> **Problem to solve**
Copy, word for word, the lines of the listing below from the line with "Vestingsteden / ANWB wandelgids" up to and including the line with "iTouchless Stainless Steel". Drop the pictures.

------ Information shown ------

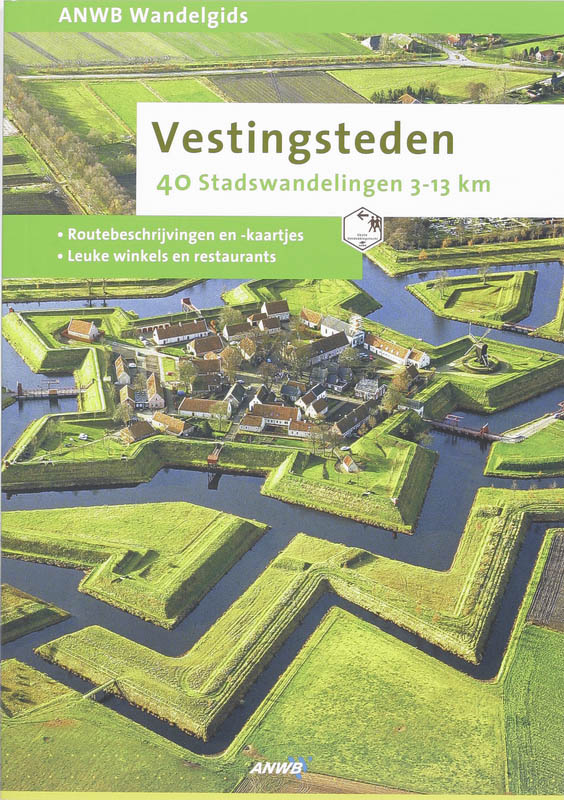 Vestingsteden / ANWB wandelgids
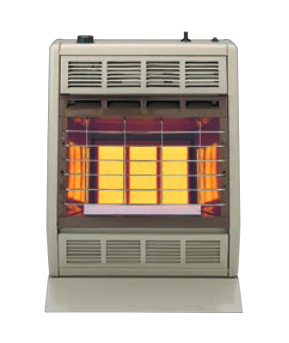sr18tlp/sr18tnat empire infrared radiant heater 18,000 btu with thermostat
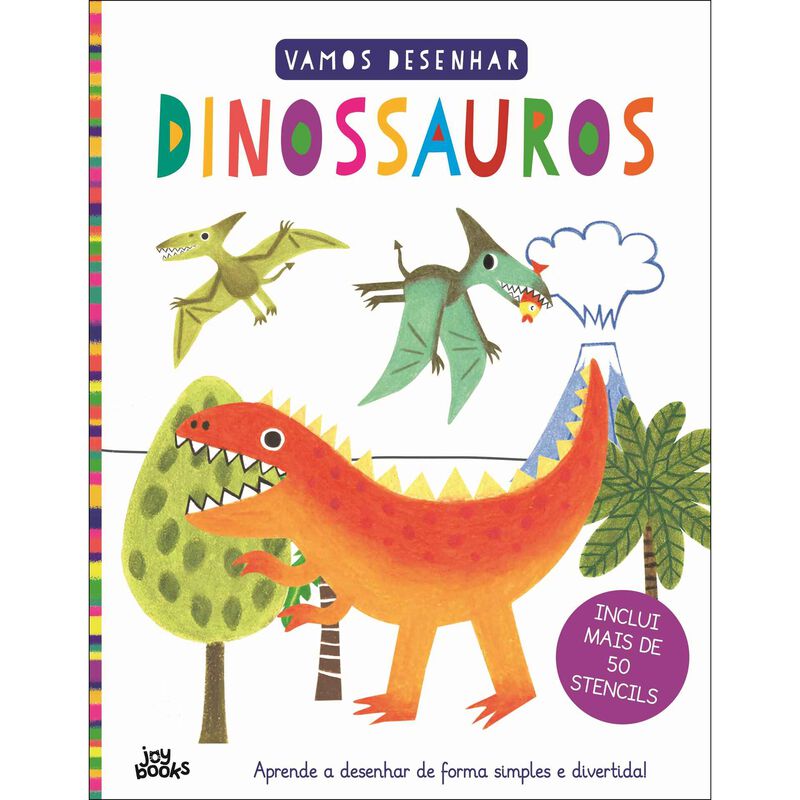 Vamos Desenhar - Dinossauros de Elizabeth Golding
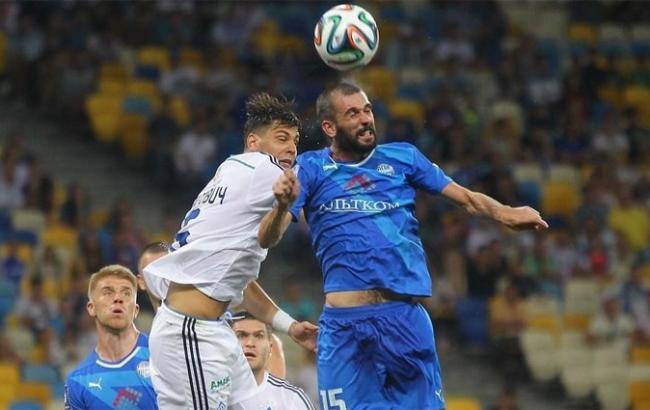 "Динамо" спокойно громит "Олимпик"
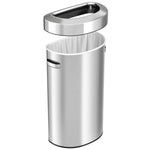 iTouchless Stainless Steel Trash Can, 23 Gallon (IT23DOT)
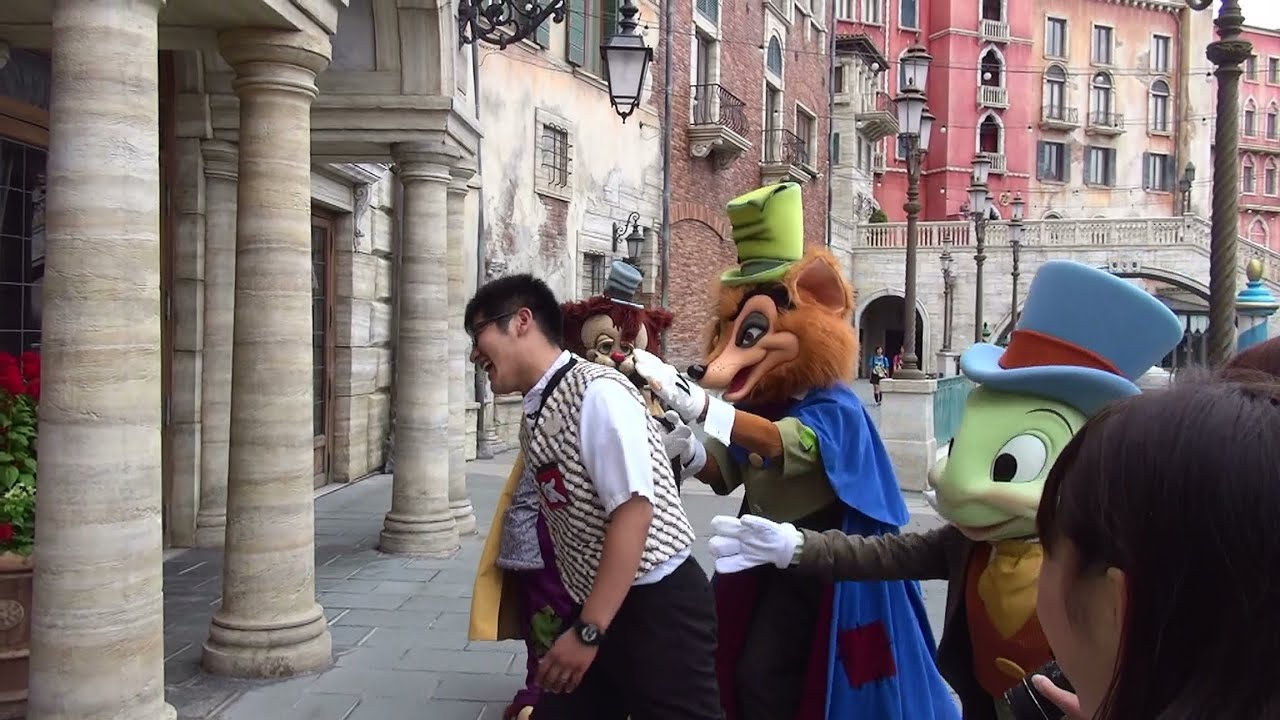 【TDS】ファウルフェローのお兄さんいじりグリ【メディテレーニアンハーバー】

------
------ Information shown ------

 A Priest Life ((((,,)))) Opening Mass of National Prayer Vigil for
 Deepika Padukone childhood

------

> **Answer**
 Vestingsteden / ANWB wandelgids
sr18tlp/sr18tnat empire infrared radiant heater 18,000 btu with thermostat
 Vamos Desenhar - Dinossauros de Elizabeth Golding
 "Динамо" спокойно громит "Олимпик"
 iTouchless Stainless Steel Trash Can, 23 Gallon (IT23DOT)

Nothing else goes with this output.